**Entries supplied**

+ + +

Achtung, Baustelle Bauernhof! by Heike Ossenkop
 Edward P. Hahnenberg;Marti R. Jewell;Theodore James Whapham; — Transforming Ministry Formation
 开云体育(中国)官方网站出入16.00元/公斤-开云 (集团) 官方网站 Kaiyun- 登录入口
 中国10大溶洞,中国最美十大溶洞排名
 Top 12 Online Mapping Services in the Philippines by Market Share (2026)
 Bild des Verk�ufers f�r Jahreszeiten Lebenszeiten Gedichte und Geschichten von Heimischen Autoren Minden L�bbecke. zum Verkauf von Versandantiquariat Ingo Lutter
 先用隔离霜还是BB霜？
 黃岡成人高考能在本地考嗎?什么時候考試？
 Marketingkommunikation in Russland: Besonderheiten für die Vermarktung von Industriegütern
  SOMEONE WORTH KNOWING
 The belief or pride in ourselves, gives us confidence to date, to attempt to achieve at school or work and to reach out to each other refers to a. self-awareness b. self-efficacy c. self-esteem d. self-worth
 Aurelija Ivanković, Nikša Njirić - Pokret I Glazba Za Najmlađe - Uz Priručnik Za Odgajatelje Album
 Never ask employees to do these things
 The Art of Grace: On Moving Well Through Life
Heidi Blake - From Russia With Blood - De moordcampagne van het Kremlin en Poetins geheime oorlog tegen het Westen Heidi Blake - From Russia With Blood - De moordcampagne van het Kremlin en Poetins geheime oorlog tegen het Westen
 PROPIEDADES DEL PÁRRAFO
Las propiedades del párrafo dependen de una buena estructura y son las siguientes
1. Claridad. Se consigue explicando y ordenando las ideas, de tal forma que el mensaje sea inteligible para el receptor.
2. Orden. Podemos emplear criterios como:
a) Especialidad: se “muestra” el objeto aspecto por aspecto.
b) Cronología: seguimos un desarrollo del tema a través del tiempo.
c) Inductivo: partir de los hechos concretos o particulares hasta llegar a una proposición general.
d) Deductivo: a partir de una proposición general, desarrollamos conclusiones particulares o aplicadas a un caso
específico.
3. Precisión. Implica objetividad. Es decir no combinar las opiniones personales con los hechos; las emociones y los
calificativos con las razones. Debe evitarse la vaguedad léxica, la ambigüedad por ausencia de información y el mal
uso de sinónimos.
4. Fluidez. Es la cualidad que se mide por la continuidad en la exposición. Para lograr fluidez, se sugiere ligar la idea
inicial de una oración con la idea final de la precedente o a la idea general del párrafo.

+ + +

**What to produce**
Nothing may be omitted; retype every record exactly.

**Exercise result**
Achtung, Baustelle Bauernhof! by Heike Ossenkop
 Edward P. Hahnenberg;Marti R. Jewell;Theodore James Whapham; — Transforming Ministry Formation
 开云体育(中国)官方网站出入16.00元/公斤-开云 (集团) 官方网站 Kaiyun- 登录入口
 中国10大溶洞,中国最美十大溶洞排名
 Top 12 Online Mapping Services in the Philippines by Market Share (2026)
 Bild des Verk�ufers f�r Jahreszeiten Lebenszeiten Gedichte und Geschichten von Heimischen Autoren Minden L�bbecke. zum Verkauf von Versandantiquariat Ingo Lutter
 先用隔离霜还是BB霜？
 黃岡成人高考能在本地考嗎?什么時候考試？
 Marketingkommunikation in Russland: Besonderheiten für die Vermarktung von Industriegütern
  SOMEONE WORTH KNOWING
 The belief or pride in ourselves, gives us confidence to date, to attempt to achieve at school or work and to reach out to each other refers to a. self-awareness b. self-efficacy c. self-esteem d. self-worth
 Aurelija Ivanković, Nikša Njirić - Pokret I Glazba Za Najmlađe - Uz Priručnik Za Odgajatelje Album
 Never ask employees to do these things
 The Art of Grace: On Moving Well Through Life
Heidi Blake - From Russia With Blood - De moordcampagne van het Kremlin en Poetins geheime oorlog tegen het Westen Heidi Blake - From Russia With Blood - De moordcampagne van het Kremlin en Poetins geheime oorlog tegen het Westen
 PROPIEDADES DEL PÁRRAFO
Las propiedades del párrafo dependen de una buena estructura y son las siguientes
1. Claridad. Se consigue explicando y ordenando las ideas, de tal forma que el mensaje sea inteligible para el receptor.
2. Orden. Podemos emplear criterios como:
a) Especialidad: se “muestra” el objeto aspecto por aspecto.
b) Cronología: seguimos un desarrollo del tema a través del tiempo.
c) Inductivo: partir de los hechos concretos o particulares hasta llegar a una proposición general.
d) Deductivo: a partir de una proposición general, desarrollamos conclusiones particulares o aplicadas a un caso
específico.
3. Precisión. Implica objetividad. Es decir no combinar las opiniones personales con los hechos; las emociones y los
calificativos con las razones. Debe evitarse la vaguedad léxica, la ambigüedad por ausencia de información y el mal
uso de sinónimos.
4. Fluidez. Es la cualidad que se mide por la continuidad en la exposición. Para lograr fluidez, se sugiere ligar la idea
inicial de una oración con la idea final de la precedente o a la idea general del párrafo.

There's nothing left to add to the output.